No discurso de abertura da primeira reunião ministerial de sua nova equipe, a presidente afirmou que "ser capaz de combater a corrupção não pode significar a destruição de empresas privadas também". "As empresas têm de ser preservadas, as pessoas que foram culpadas é que têm que ser punidas, não as empresas", enfatizou.
Dilma já tinha mencionado o escândalo da Petrobras publicamente em outras ocasiões importantes recentes, como em sua diplomação no Tribunal Superior Eleitoral (TSE), em 18 de dezembro último, e no discurso de posse no Congresso Nacional, em 1o de janeiro.
Nos dois momentos anteriores, porém, a presidente ignorou qualquer menção às companhias privadas denunciadas pelo Ministério Público Federal, entre elas as maiores empreiteiras do país, tendo optado por defender enfaticamente apenas a Petrobras: o nome da estatal foi repetido à exaustão, oito e nove vezes, respectivamente.
No discurso desta terça-feira, a Petrobras foi citada seis vezes e as empresas privadas, duas. Foi um evidente sinal de entendimento, pela presidente, de que não basta apenas recuperar a estatal, cujos contratos com sobrepreço teriam abastecido por muitos anos os bolsos de ex-funcionários, executivos de fornecedoras e políticos.
As seis grandes empreiteiras citadas na denúncia feita em meados de dezembro pelo Ministério Público e aceita pela Justiça estão envolvidas em grandes empreendimentos no Brasil, como sócias ou responsáveis pelas obras.
OAS, Camargo Corrêa, UTC Engenharia, Mendes Júnior, Engevix e Galvão Engenharia têm presença em aeroportos, rodovias e grandes hidrelétricas, para citar apenas alguns exemplos. São projetos que representaram uma das principais apostas do primeiro mandato de Dilma e que continuarão sendo estratégicos para elevar os investimentos e movimentar a economia.
Mas o que mudou do fim do ano para cá que justifique um afago de Dilma às empresas privadas?
No começo de janeiro, a OAS deixou de pagar juros sobre títulos de dívida no exterior, o que motivou as principais agências de classificação de risco a piorarem a nota de crédito do grupo.

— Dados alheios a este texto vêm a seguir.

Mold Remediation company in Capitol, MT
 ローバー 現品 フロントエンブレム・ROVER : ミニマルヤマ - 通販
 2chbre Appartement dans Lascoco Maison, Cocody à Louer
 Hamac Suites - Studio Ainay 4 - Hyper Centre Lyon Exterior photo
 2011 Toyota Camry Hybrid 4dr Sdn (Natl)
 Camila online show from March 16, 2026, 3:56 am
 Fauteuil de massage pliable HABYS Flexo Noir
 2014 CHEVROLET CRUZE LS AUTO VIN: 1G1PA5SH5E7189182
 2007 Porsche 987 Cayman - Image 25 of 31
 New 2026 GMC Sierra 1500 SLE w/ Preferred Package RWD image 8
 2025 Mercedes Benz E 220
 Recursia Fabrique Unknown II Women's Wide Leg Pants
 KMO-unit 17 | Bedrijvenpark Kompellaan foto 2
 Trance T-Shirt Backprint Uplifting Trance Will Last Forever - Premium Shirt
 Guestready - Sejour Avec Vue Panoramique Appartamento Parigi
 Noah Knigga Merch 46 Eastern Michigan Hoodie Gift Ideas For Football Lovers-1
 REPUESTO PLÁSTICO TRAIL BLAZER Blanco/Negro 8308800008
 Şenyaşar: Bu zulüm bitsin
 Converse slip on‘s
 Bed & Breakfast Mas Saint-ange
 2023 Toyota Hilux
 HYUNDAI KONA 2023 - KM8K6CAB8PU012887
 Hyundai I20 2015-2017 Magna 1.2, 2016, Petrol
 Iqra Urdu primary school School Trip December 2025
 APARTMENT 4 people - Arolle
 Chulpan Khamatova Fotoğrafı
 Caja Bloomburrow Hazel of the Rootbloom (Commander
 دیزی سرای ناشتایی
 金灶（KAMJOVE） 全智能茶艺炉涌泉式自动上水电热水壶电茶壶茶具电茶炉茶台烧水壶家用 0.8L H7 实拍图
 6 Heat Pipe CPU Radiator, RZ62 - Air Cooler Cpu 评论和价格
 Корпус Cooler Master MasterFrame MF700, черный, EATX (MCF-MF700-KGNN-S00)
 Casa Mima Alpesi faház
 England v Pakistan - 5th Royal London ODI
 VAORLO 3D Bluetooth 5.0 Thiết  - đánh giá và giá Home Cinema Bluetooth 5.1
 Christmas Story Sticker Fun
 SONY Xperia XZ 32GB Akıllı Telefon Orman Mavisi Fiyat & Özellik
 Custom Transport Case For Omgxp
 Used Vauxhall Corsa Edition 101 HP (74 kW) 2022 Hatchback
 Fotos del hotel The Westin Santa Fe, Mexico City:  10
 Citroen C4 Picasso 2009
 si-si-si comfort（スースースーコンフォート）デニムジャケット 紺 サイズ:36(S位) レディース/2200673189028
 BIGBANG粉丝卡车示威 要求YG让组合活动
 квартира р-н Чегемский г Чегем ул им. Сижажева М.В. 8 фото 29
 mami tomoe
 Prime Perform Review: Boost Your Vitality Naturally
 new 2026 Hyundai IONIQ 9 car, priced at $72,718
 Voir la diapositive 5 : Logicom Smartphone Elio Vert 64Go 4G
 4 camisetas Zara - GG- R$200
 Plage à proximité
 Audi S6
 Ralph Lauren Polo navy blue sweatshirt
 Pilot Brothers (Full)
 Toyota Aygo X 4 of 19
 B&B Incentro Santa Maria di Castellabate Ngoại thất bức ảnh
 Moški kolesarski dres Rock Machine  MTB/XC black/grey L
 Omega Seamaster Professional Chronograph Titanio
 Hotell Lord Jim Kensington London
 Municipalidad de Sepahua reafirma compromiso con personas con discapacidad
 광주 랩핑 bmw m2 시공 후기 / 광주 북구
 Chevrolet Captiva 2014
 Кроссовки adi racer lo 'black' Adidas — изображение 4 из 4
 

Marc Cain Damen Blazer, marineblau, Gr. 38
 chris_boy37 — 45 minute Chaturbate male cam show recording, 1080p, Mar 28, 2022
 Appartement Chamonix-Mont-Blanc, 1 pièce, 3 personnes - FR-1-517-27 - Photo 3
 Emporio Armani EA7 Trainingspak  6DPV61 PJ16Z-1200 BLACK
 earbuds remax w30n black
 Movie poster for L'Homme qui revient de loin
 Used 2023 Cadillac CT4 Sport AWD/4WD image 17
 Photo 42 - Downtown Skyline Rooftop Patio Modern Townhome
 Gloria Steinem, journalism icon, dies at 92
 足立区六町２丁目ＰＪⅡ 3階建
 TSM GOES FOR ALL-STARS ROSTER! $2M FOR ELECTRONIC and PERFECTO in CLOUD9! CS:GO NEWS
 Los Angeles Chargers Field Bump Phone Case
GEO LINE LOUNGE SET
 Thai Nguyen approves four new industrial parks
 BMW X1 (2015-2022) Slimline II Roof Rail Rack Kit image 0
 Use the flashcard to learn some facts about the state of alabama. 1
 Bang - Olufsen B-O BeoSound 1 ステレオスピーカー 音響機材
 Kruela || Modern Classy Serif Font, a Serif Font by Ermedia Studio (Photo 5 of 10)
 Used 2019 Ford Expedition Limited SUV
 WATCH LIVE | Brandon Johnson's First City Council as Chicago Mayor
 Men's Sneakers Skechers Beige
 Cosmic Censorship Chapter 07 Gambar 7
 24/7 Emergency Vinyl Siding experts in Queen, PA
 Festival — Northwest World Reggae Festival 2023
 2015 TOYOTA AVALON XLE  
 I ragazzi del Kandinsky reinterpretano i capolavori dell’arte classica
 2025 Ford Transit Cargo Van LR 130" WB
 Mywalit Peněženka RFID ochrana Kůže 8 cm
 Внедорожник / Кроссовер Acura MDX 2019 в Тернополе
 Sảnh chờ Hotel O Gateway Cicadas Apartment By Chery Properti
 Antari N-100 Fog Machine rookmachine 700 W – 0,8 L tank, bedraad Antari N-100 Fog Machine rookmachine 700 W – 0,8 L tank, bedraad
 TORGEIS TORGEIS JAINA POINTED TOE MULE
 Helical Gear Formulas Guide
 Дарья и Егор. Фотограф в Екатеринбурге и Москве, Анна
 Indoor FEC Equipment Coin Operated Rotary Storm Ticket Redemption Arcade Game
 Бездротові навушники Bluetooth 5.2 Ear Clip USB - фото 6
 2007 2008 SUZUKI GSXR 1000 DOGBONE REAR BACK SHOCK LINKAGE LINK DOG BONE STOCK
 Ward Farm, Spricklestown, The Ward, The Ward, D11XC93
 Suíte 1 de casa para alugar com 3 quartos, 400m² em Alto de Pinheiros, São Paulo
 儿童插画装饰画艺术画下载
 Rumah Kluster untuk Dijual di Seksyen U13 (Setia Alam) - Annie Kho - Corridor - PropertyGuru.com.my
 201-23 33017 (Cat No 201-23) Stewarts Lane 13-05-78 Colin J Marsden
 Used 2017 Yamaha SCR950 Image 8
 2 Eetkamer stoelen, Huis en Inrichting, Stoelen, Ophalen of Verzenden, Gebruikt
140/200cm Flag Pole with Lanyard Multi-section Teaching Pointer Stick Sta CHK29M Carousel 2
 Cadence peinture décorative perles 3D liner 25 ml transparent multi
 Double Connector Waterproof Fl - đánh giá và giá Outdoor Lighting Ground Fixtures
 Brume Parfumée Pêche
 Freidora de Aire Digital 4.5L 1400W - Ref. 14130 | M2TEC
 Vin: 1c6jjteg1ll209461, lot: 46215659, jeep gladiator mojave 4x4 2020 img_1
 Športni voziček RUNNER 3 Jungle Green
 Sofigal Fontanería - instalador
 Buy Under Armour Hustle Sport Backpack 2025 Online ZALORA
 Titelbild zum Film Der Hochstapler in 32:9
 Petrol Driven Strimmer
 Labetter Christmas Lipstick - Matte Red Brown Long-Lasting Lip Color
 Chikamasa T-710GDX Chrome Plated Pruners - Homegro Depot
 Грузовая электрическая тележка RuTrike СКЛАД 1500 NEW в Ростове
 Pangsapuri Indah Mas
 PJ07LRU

Desde então, Moody's e Standard & Poor's têm reduzido os ratings de grandes construtoras no Brasil, e não apenas daquelas citadas na Lava Jato. Isso significa, na prática, que vai ficar mais caro para essas companhias financiarem suas operações. Algumas delas negociam a venda de ativos para aliviar a pressão sobre sua solvência.
Um eventual colapso das empresas privadas citadas na Lava Jato representaria, portanto, a possível paralisação de obras fundamentais de infraestutura e com potencial de deixar dezenas de milhares de brasileiros sem emprego.
Dilma, claro, quer evitar que isso aconteça. Ela sabe que enfrenta um segundo mandato repleto de desafios, com a inflação acima do teto da meta mesmo com a elevação da taxa básica de juro Selic, aumento das apostas de recessão da economia em 2015 e piora do mercado de trabalho.
O governo já indicou que vê como saída acordos de leniência caso sejam propostos pelas empresas acusadas dentro da Lava Jato, como disse recentemente à Reuters o ministro da Advocacia-Geral da União, Luís Inácio Adams. Para ele, um acordo de leniência é bom para a empresa, por evitar o risco de que ela feche as portas, e "fortalece o processo de recuperação de patrimônio" desviado.
A discussão aqui não é se deveria haver menor concentração de negócios nas mãos de uma dezena de empreiteiras de grande porte no Brasil.
É claro que seria mais proveitoso para o país ter um número maior delas, mas o fato é que são poucas as que hoje têm musculatura financeira para participar de empreendimentos que exijam investimentos vultosos, uma realidade construída ao longo de décadas e que não se muda repentinamente.
* Esta coluna foi publicada na terça-feira, 27 de janeiro, no terminal financeiro Eikon, da Thomson Reuters.